Human sperm possess a 'memory' of early-life trauma that can be transmitted to offspring through changes in microRNA levels, a study has shown for the first time.
In the study of 28 Caucasian men, two sperm microRNAs – miRNA449 and miRNA34 – were expressed significantly less in those who had experienced abuse, neglect or other dysfunctional family experiences as a child. In men who had had gone through the most extensive childhood abuse, the reduction in the sperm microRNAs was as much as 300-fold.
Both miRNA449 and miRNA34 are expressed in sperm, but not eggs, meaning that only fathers can contribute these two microRNAs to the next generation.
In a second experiment, the researchers found that these differences were passed down to the offspring of male mice. Males going through chronic social stress had lowered levels of the same two microRNAs in their sperm. The embryos conceived with this sperm also had lower levels of those microRNAs, as did the sperm of the grown offspring.
'The study raises the possibility that some of the vulnerability of children is due to Lamarckian-type inheritance derived from their parents' experiences,' said Professor Larry Feig at Tufts University School of Medicine in Boston, Massachusetts, who led the study .

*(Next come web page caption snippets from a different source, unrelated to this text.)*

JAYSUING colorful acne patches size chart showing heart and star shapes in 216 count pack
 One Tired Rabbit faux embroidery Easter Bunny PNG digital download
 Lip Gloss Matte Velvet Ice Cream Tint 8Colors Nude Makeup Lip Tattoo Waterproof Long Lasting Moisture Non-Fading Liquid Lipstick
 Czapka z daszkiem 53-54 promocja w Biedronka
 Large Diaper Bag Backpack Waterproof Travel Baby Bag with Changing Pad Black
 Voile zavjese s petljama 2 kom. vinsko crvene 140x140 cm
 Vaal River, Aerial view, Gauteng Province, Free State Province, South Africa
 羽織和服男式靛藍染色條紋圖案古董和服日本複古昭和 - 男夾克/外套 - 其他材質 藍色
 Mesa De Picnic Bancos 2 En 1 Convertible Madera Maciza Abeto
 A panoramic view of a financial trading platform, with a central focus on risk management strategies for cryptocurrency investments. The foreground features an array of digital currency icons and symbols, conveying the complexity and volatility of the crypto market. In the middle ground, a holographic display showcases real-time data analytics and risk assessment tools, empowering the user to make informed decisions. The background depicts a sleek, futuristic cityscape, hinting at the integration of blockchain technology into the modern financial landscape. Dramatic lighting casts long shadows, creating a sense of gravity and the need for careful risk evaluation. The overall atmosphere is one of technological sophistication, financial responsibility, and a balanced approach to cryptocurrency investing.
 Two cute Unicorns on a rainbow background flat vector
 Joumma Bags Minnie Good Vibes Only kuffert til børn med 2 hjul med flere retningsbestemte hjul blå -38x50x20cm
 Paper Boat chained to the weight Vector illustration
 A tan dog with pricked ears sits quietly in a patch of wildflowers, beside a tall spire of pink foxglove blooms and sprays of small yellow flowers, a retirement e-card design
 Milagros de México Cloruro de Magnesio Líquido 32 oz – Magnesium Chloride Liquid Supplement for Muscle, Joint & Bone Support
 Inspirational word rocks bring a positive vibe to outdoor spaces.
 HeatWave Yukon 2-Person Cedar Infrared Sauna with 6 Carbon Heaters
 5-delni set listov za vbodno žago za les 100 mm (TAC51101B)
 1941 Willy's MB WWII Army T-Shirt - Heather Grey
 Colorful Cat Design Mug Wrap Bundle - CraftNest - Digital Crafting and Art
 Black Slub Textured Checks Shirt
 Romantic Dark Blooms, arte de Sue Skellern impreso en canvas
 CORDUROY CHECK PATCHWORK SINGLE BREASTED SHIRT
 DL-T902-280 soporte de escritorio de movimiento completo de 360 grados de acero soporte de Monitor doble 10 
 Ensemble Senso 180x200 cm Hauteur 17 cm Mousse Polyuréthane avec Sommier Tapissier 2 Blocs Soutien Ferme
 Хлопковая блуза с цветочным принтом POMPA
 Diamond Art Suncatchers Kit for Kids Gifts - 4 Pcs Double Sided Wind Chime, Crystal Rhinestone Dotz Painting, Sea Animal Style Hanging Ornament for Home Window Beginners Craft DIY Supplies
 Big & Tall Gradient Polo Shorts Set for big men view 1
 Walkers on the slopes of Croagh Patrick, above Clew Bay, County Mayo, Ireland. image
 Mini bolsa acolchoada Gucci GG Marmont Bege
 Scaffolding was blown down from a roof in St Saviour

Some of the psychological disorders reported among the children of men exposed to early life stress could be explained by the regulation of specific sperm microRNAs, the authors suggest.
'Looking to the future, we may be able to figure out a way to restore the low miRNA levels found in men exposed to extreme trauma, because epigenetic changes, such as stress-induced decreases in sperm miRNA expression, are reversible, unlike genetic changes that alter the DNA sequence,' said David Dickson, a PhD student at Tufts and first author of the study.
The results are published in Translational Psychiatry. In their next study, the researchers are carrying out an investigation in a larger number of men, and more experiments in mice to explore these intergenerational effects further.